Mechanisms of Diapause and Cold Tolerance in the Colorado Potato Beetle
Abstract
Many temperate insects enter diapause (a state of dormancy) and enhance their cold tolerance to survive the winter. During diapause, the Colorado potato beetle (CPB, Leptinotarsa decemlineata, Coleoptera: Chrysomelidae) stops developing, lowers its metabolism, and changes its physiology to avoid freezing. The extent to which diapause confers cold tolerance in CPB is currently unknown. In my thesis, I used CPB to improve our understanding of the mechanisms underlying metabolic suppression during diapause and cellular protection at sub-zero temperatures in insects.
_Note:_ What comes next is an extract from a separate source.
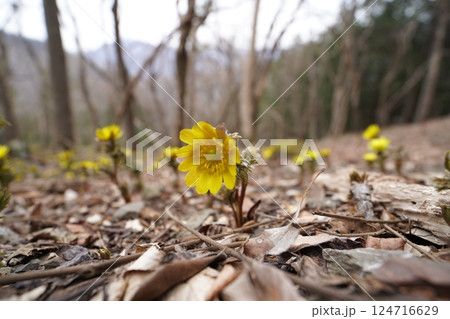 群馬県上野村　野栗沢の福寿草群生地（上部群生地）　フクジュソウ満開　2025年3月24日 124716629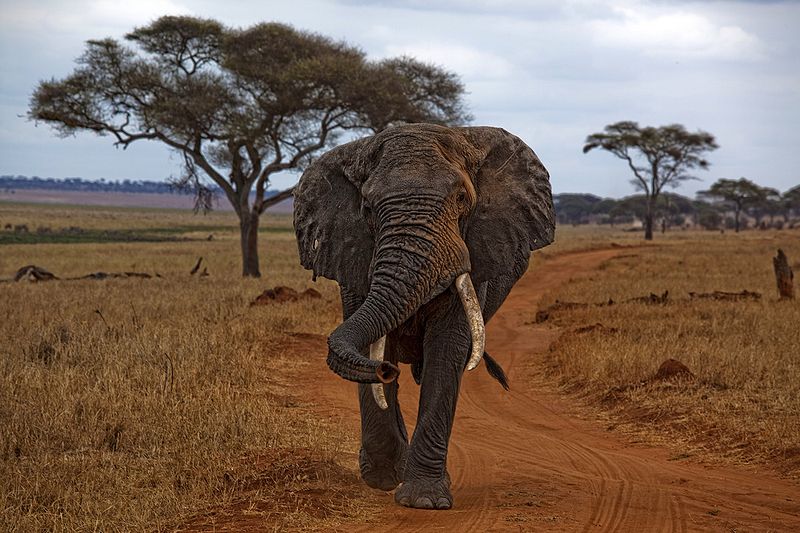 L'essentiel des parcs de Tanzanie en safari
First, I used RNA-sequencing (RNA-seq) to compare gene expression in two metabolically important tissues (the fat body and flight muscle) of diapausing and non-diapausing CPB, and then generated testable hypotheses about diapause in CPB. Colorado potato beetles differentially modulate their fat body and flight muscle transcriptomes during diapause; fat body plays a larger role in driving hypoxia- and immune-related processes during diapause, whereas processes mediating proteostasis and mitochondrial metabolism are more important in the flight muscle. Next, I tested the hypothesis that flight muscle mitochondria modulate energy metabolism in diapausing CPB. Indeed, low metabolic rates coincided with a reduction in flight muscle mitochondrial function and density, increased expression of Parkin (a mitophagy-related transcript), and presence of autophagic structures inside flight muscle cells. Further, knocking down Parkin with RNA interference partially restored mitochondrial density and whole-animal metabolic rate suggesting that Parkin-mediated mitophagy drives metabolic suppression during CPB diapause. In anticipation of emergence from diapause, beetles reversed this mitophagy and increase mitochondrial biogenesis to re-grow their mitochondria. Finally, I used RNA-seq to explore the mechanisms underlying the acquisition of cold tolerance in diapausing CPB. The major transcriptomic shift associated with the acquisition of cold tolerance is related to chaperone protein-related expression, and cold-tolerant beetles activate the chaperone response to a greater extent than less cold-tolerant diapausing counterparts. Further, cold-tolerant beetles potentially have a greater capacity for chaperone-mediated protein repair. Together, these studies contribute to an updated framework for insect diapause and cold tolerance and improve our understanding of the mechanisms insects use to survive the winter.